La cosa più rivoluzionaria che fece in vita sua fu infatti proprio quella di far candidare lo stesso Valpreda nella lista del gruppo “Il Manifesto” alle elezioni politiche del 1972. “Il Manifesto”, risultato settimo fra i partiti, ottenne solo 224 mila voti ma contribuì, a modo suo, alla campagna della sinistra rivoluzionaria contro la strage di Stato. In seguito partecipò alle lotte di massa e referendarie per difendere la legge sul divorzio e quella sull’aborto.

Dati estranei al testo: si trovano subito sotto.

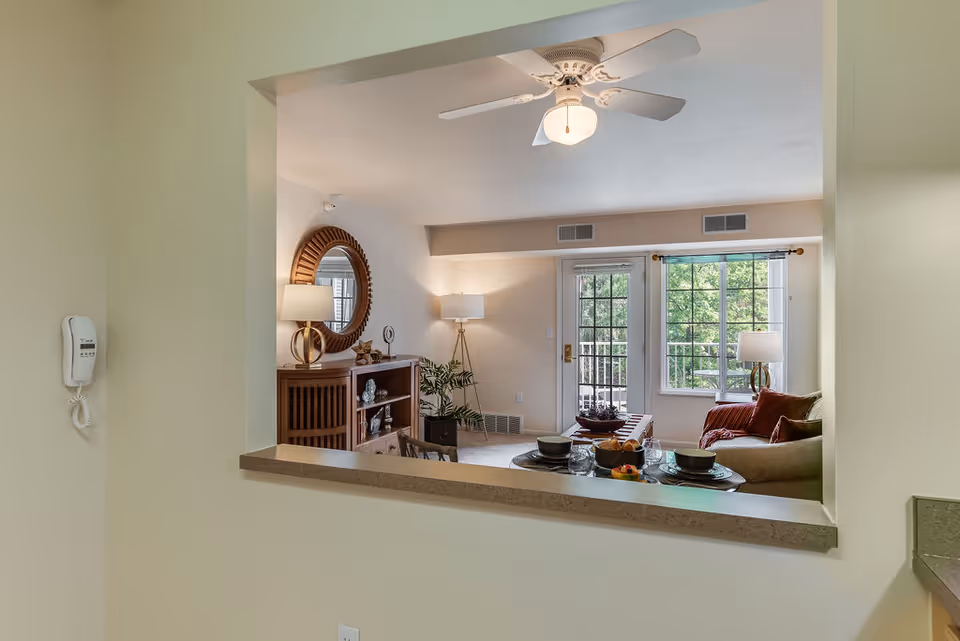 View through a kitchen pass-through into a furnished living room with a sofa, coffee table, lamps, ceiling fan, and glass door to a balcony.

Nel big bang del movimento del 1977 contro le politiche economiche dell’austerità, a solo danno del proletariato, e la connessa formula governativa della “solidarietà nazionale”, rimase un po’ confusa assieme a tutta la sua specifica compagine politica. Durante il sequestro del presidente della Democrazia Cristiana Aldo Moro da parte delle Brigate Rosse, nella primavera del 1978, fu in contrasto rispetto alla “linea della fermezza”, rigidamente orchestrata dai dirigenti della Dc e del Pci, e a favore della “linea della trattativa”. Tra la fine del 1980 e l’inizio del 1981, durante il sequestro del giudice D’Urso, organizzato dalle Brigate Rosse allo scopo di ottenere la chiusura del carcere speciale dell’Asinara, si comportò in modo analogo. Nella prima metà degli anni ’80, pur denunciando le torture, favorì il movimento della “dissociazione” da parte di svariati prigionieri politici della lotta armata e del sovversivismo rosso e quindi, sia pur indirettamente, favorì la successiva legge della “dissociazione” (18 febbraio 1987, n° 43), cioè una legge a sostegno dell’abiura. Per tutti gli anni ’80 e fino al 1991 sbagliò l’analisi sulla politica internazionale, prima dando giudizi positivi sulla Polonia di Walesa e poi sulla perestroika di Gorbaciov.
In seguito, nel 1993, cercò di controbilanciare la situazione con il libro-intervista all’ex brigatista rosso Mario Moretti, persona tuttora in semilibertà dopo circa 40 anni di detenzione. Sì, parlò con alcuni prigionieri politici che non avevano usufruito della legge sulla “dissociazione” ma non è questo che dimostra il suo amore per la giustizia e per la libertà. La vera Rossana Rossanda, al di là dei frequenti errori di analisi sulla politica internazionale e al di là delle apparenze, è stata quella che ti guardava negli occhi e, se avevi difficoltà a causa della repressione statuale, ti dava il consiglio giusto al momento giusto. In questo senso, mettendo la storia con i piedi per terra, possiamo affermare che lei, “la ragazza del secolo scorso” fece parte dell’album di famiglia della compagneria.
Non era lei a dover dire se ne facesse parte questa o quella componente.
Era ed è la compagneria, almeno nella sua stragrande maggioranza, a pensarlo di lei.